Through these images of the area in broad daylight and based on the size of the parking lot and green areas next to the impact zone - where dozens of people had been taking refuge for days fleeing the Israeli bombings -, experts in geolocation and verification as Nathan Ruser, from the International Cyber ​​Policy Center at the Australian think tank ASPIhave questioned that the number of fatalities amounted to almost half a thousand. The US intelligence service has estimated, according to a document held by Agence France Presse, that the death toll could range between 100 and 300.

One of the photographers on the ground is Mohamed Saber, who distributed through the Efe agency one of the first images of the crater caused by the projectile that hit the Al Ahli parking lot. The hole, shallow and just under a meter in diameter, draws an impact cone that goes from the northeast to the southwest. According to several experts, including US military advisor Marc Garlasco, an expert in the investigation of war crimes, what hit the floor of the parking lot did not come from an air attack. “Even the JDAM [misil guiado] smaller causes a three-meter crater,” Garlasco pointed out in a message on the social network X (Twitter).

Crater caused by the impact of a projectile or part of a projectile in the parking lot of the Al Ahli hospital in Gaza, on the 18th.
Crater caused by the impact of a projectile or part of a projectile in the parking lot of the Al Ahli hospital in Gaza, on the 18th.MOHAMMED SABER (EFE)

The videos that were recorded from inside the Al Ahli facilities also reveal damage to the facades of some of the center's low buildings, including a Baptist church, remains of the explosion or the effect of the impact of parts of the projectile after hitting with the ground. So far, no photograph or video has identified any remains inside the hospital of what caused the massacre.

One day after the tragedy, US President Joe Biden, on an official trip to Israel, stated that, according to the information in his possession, the origin of the massacre was the failure of a rocket fired from Palestinian territory. The conclusion in the United Kingdom has been the same, reports Rafa del Miguel: “Based on the deep knowledge and analysis of our intelligence and our weapons experts,” British Prime Minister Rishi Sunak said before the House of Commons on Monday, “the Government considers that the explosion was highly likely caused by by a missile—or part of a missile—that was launched from inside Gaza toward Israel.”

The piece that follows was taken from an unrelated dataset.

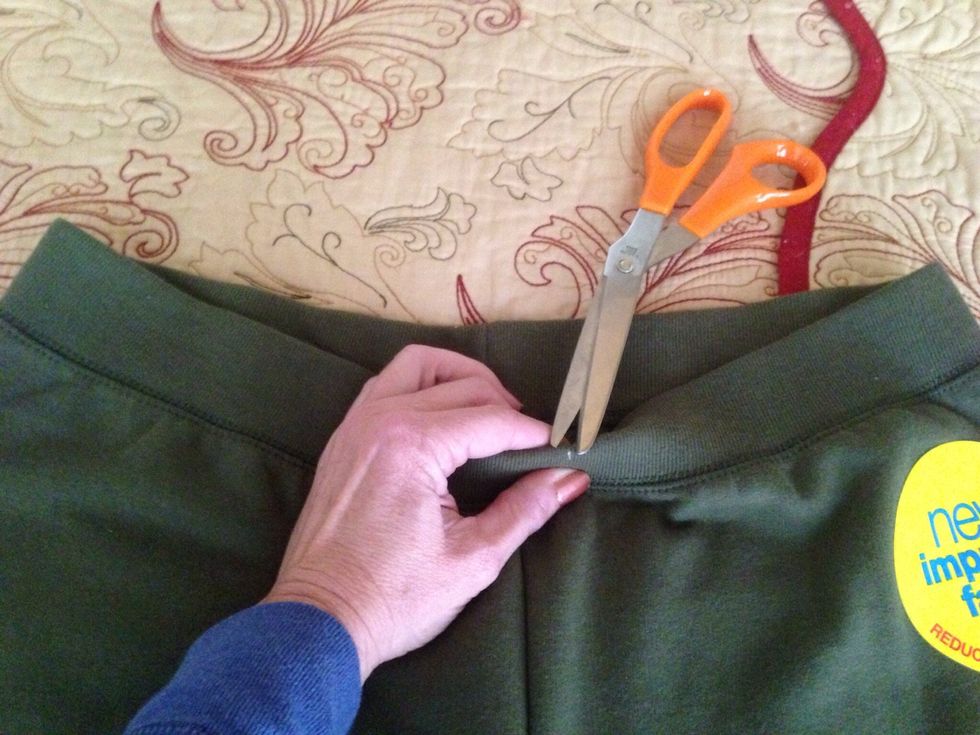 How to tighten an elastic waistband without sewing B+C Guides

The French espionage investigations coincide with London and Washington. As reported by France Presse, the analysis carried out in Paris has even been able to quantify the explosive charge that collided with Al Ahli at around five kilograms.

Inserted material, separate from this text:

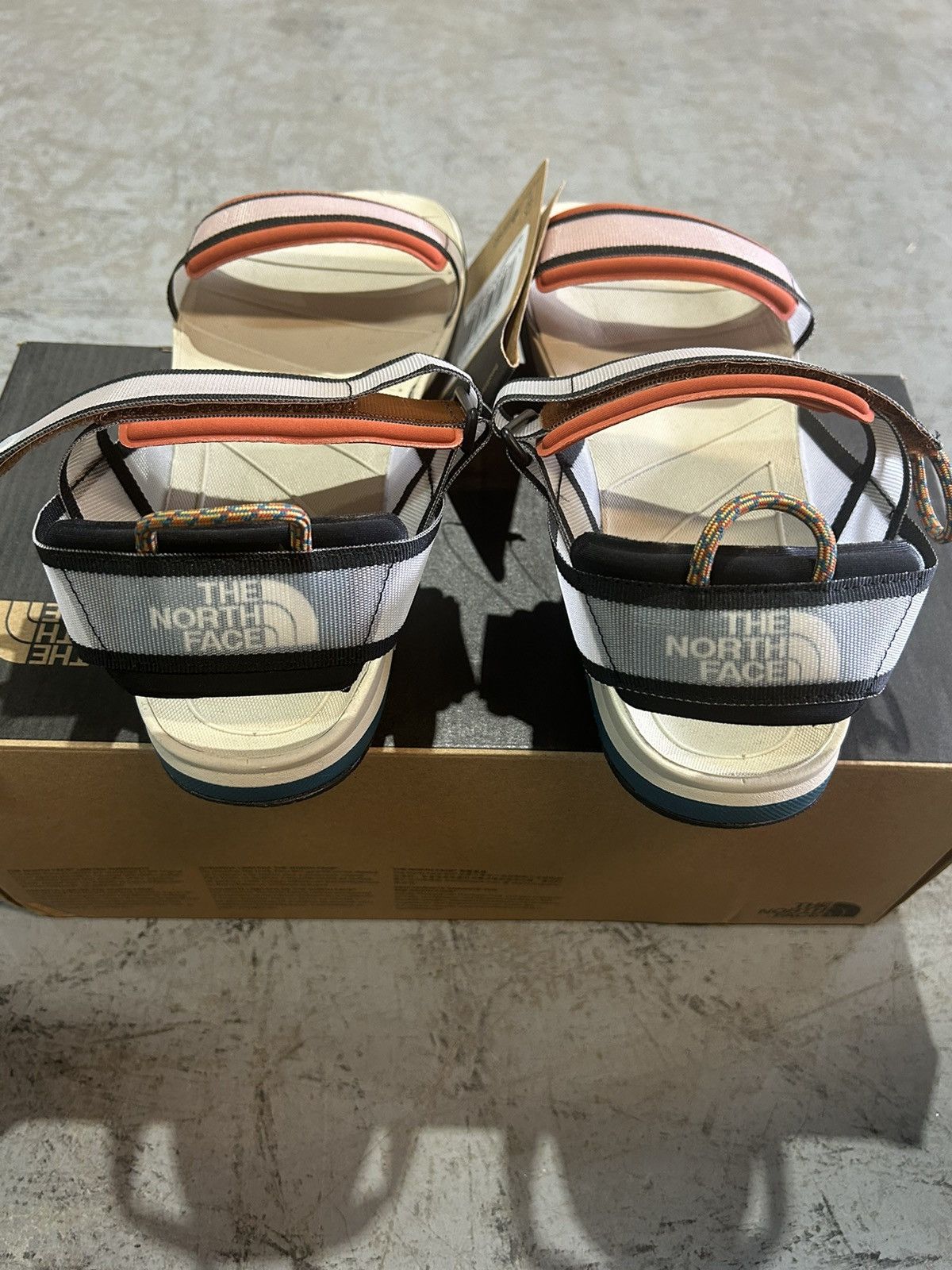 The North Face THE NORTH FACE MENS SKEENA SPORT SANDAL SIZE US 7 Size US 7 / EU 40 - 4 Thumbnail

Video spread on networks and verified in which the interior of the hospital complex facilities is shown, including a Baptist church.

The level of destruction at the Al Ahli facilities is much lower than that caused by a guided missile and is closer to that which could be caused by a rocket or artillery piece. The force of the projectile in an Israeli attack, as the army itself has disseminated through graphic evidence in the last week or as images from civilian areas in Ukraine hit by Russia attest daily, destroys not only the objective but also the surrounding properties through the shock wave. However, in the aforementioned video that shows the explosion from closer up, recorded from a home, the enormous flare that follows the roar stands out. This could respond to the incendiary effect of the fuel with which the projectile was traveling.

Finally, the forensic analysis of the crater through visual material has allowed one of the best verification projects through open sources, the London-based Forensic Architecture - with brilliant work in the region such as the one that reconstructs the death in Jenin by Israeli fire by journalist Shireen Abu Akhle―, trace the possible direction from which the projectile arrived at the parking lot of the Gaza hospital. According to its analysis and three-dimensional projection, what hit the Al Ahli center came from the northeastern area and not from the southwest, as the Israeli army indicated through its statements in the first hours after the massacre.

Brenda Valverde Rubio has contributed to verifying the images for this article.